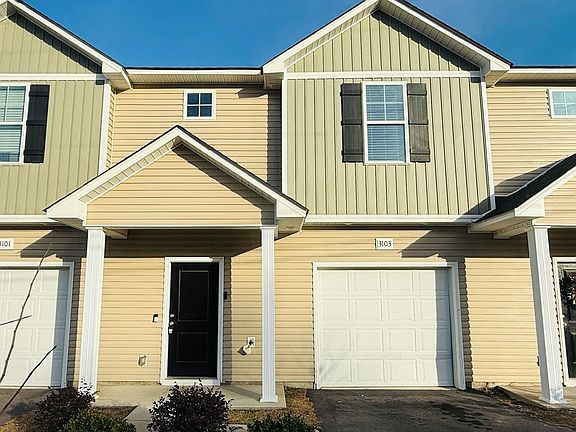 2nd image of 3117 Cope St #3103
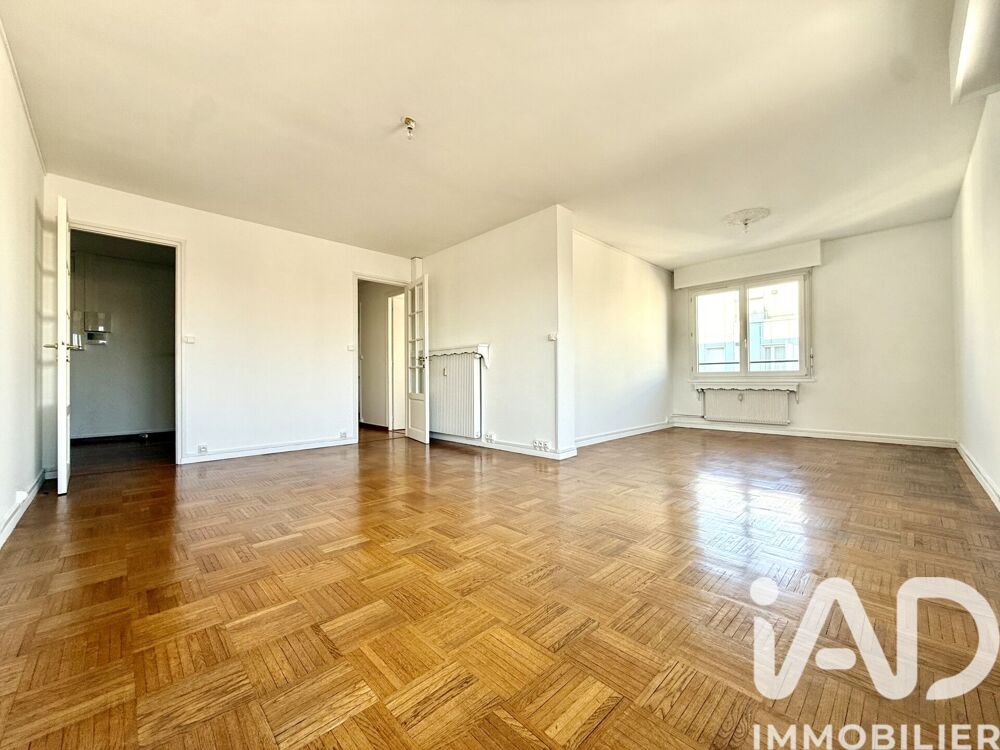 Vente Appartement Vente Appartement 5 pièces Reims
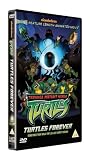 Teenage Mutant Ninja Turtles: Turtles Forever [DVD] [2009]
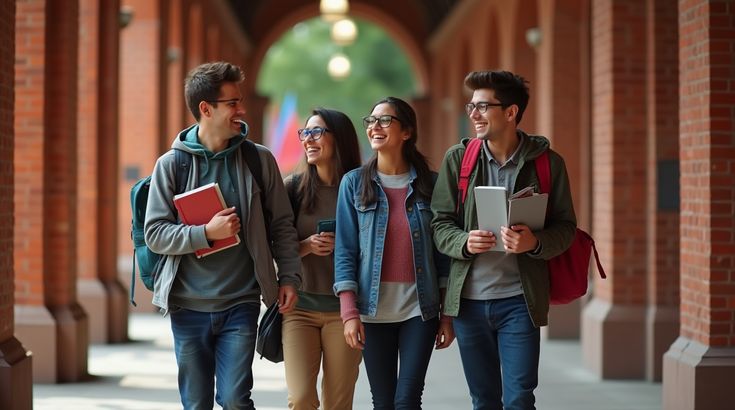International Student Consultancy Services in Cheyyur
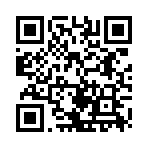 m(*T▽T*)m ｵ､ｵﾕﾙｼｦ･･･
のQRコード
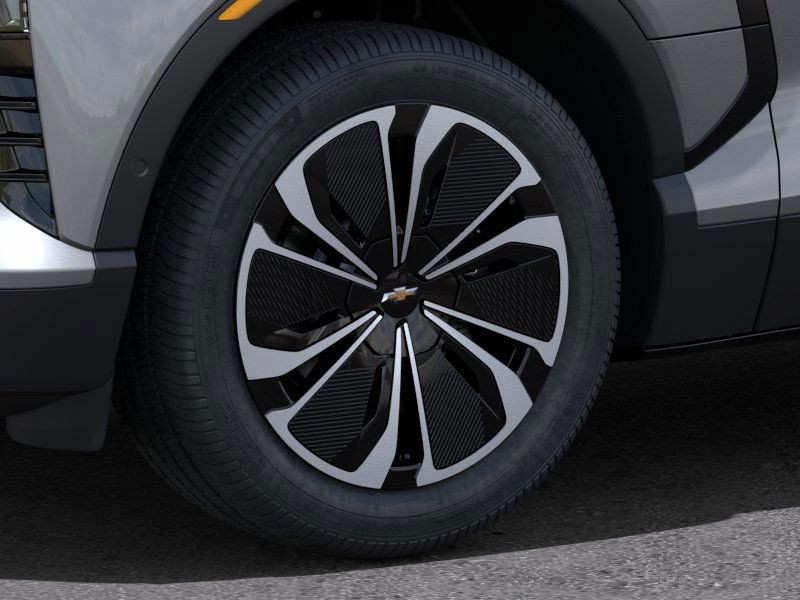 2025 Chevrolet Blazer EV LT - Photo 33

• • • • •

What the task requires
Starting with the line that contains "Vente Appartement Vente", reproduce every line to the end of the material above, both end lines included, exactly and with no pictures.

Result
 Vente Appartement Vente Appartement 5 pièces Reims
 Teenage Mutant Ninja Turtles: Turtles Forever [DVD] [2009]
International Student Consultancy Services in Cheyyur
 m(*T▽T*)m ｵ､ｵﾕﾙｼｦ･･･
のQRコード
 2025 Chevrolet Blazer EV LT - Photo 33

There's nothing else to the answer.